Seconde question : La Commission a-t-elle commis une erreur dans les conclusions qu’elle a tirées au sujet de la protection de l’État?

 

[14]      S’agissant de la protection de l’État, la Commission a rejeté la demande pour deux motifs : le premier étant que la crédibilité de la demanderesse était entachée par les éléments de preuve contradictoires avancés au sujet du nombre de fois qu’elle s’était adressée aux autorités pour obtenir de l’aide, et le second étant la question de savoir si Saint-Vincent peut assurer une protection à la demanderesse. Ainsi que je l’ai déjà mentionné, c’est la norme de la décision manifestement déraisonnable qui s’applique au contrôle des conclusions tirées par la Commission au sujet de la crédibilité. C’est toutefois la norme de la décision raisonnable simpliciter qui s’applique à la question de la possibilité d’obtenir la protection de l’État (Chaves  c. Canada (Ministre de la Citoyenneté et de l’Immigration), 2005 CF 193, [2006] A.C.F. no 232 (QL), aux paragraphes 9, 10 et 11; Turna c. Canada (Ministre de la Citoyenneté et de l’Immigration), 2006 CF 202, [2006] A.C.F. no 265 (QL), au paragraphe 7; C.P.H. c. Canada (Ministre de la Citoyenneté et de l’Immigration), 2006 CF 367, [2006] A.C.F. no 462 (QL), au paragraphe 26 (Hutchins)).

 

[15]      La demanderesse n’a pas contesté la conclusion tirée par la Commission au sujet de la possibilité d’obtenir la protection de l’État. Elle a limité son argument aux conclusions négatives tirées au sujet de sa crédibilité et à l’erreur commise par la Commission au sujet de sa visite à la maison Marion. La demanderesse affirme que ces éléments ont entaché négativement l’ensemble de la décision. Un examen du procès-verbal des audiences donne à penser que la Commission a effectivement commis une erreur en mentionnant les services réclamés par la demanderesse et par sa mère à la maison Marion. Cette erreur n’a toutefois eu aucune incidence sur l’issue de la décision.
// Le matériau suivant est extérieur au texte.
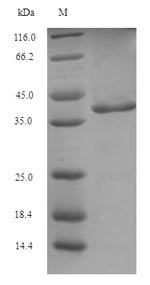 Blattella germanica Glutathione S-transferase Recombinant Protein, N-His-SUMO, Blattella germanica (German cockroach) (Blatta germanica), E.coli, N-terminal 6xHis-SUMO-tagged, 39.2 kDa, purity >≥ 90% as determined by SDS-PAGE.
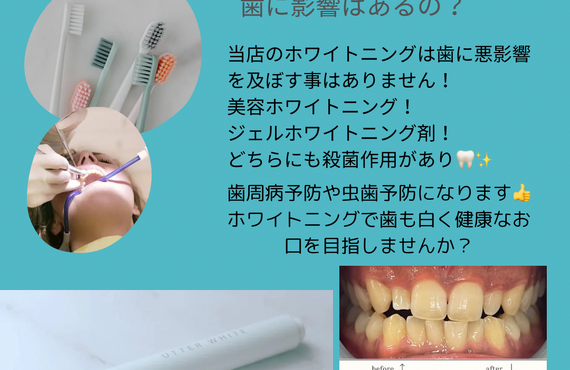 歯へのダメージは？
[16]      Je retiens également l’argument du défendeur suivant lequel la demanderesse ne s’est pas acquittée du fardeau qui lui incombait d’établir qu’elle ne pourrait bénéficier de la protection de l’État à l’avenir. Aucun argument n’a été présenté pour contester la conclusion suivante de la Commission :

[…]  même si le système de protection des femmes victimes de mauvais traitements comporte encore des failles, il est clair, d’après les documents consultés, que la situation continue de s’améliorer par suite des efforts sérieux et concertés déployés par le gouvernement pour régler le problème de la violence faite aux femmes, une prémisse acceptée par la Cour dans Hutchins. Il n’est pas nécessaire que la protection offerte soit parfaite, mais elle doit être adéquate (Zalzali).

 

Étant donné la preuve documentaire mentionnée ci-dessus, le tribunal est d’avis que la demandeure d’asile doit d’abord se prévaloir de la protection de son pays avant de demander la protection du Canada. Comme il est indiqué dans Ward, le demandeur d’asile doit fournir des éléments de preuve clairs et convaincants pour réfuter la présomption selon laquelle l’État avait la capacité d’assurer sa protection. En l’espèce, le tribunal estime que la présomption de la protection de l’État n’a pas été réfutée. Le simple fait que le système comporte certaines lacunes n’est pas suffisant pour exempter la demandeure d’asile de l’exigence de demander la protection. La même décision vient également appuyer le principe selon lequel l’avis des psychologues n’est pas pertinent en ce qui concerne la question de la protection de l’État et la question visant à déterminer si sa crainte a un fondement objectif.

 

 

[17]      Le fait que Saint-Vincent est en mesure de lui assurer la protection de l’État est déterminant.

 

[18]      Aucune question à certifier n’a été suggérée et aucune ne se pose.

 

JUGEMENT

 

 

LA COUR ORDONNE que la demande de contrôle judiciaire soit rejetée. Aucune question n’est certifiée.

 

« Michel Beaudry »

Juge

 

 

Traduction certifiée conforme

Christiane Bélanger, LL.L.

 


COUR FÉDÉRALE

 

AVOCATS INSCRITS AU DOSSIER

 

 

DOSSIER :                                        IMM-2913-06

 

INTITULÉ :                                       JADINE VALDANA RICHARDSON

                                                VALDINE RICHARDSON

      (alias VALDINE SHADONN RICHARDSON)

   JAELDINE ELSA RICHARDSON  et

    MINISTRE DE LA CITOYENNETÉ                                                          ET DE L’IMMIGRATION

                                                           

 

LIEU DE L’AUDIENCE :                 TORONTO (ONTARIO)

 

DATE DE L’AUDIENCE :               LE 25 SEPTEMBRE 2007

 

MOI DU JUGEMENT

ET JUGEMENT :                              LE JUGE BEAUDRY

 

DATE DES MOTIFS :                      LE 3 OCTOBRE 2007

 

 

 

COMPARUTIONS :

 

Alesha Green                                                                            POUR LES DEMANDERESSES

                                                                                               

 

Amina Riaz                                                                               POUR LE DÉFENDEUR

                                                                                               

AVOCATS INSCRITS AU DOSSIER :

 

Green Willard                                                                           POUR LES DEMANDERESSES

Toronto (Ontario)

 

John Sims, c.r.                                                                          POUR LE DÉFENDEUR

Sous-procureur général du Canada

Toronto (Ontario)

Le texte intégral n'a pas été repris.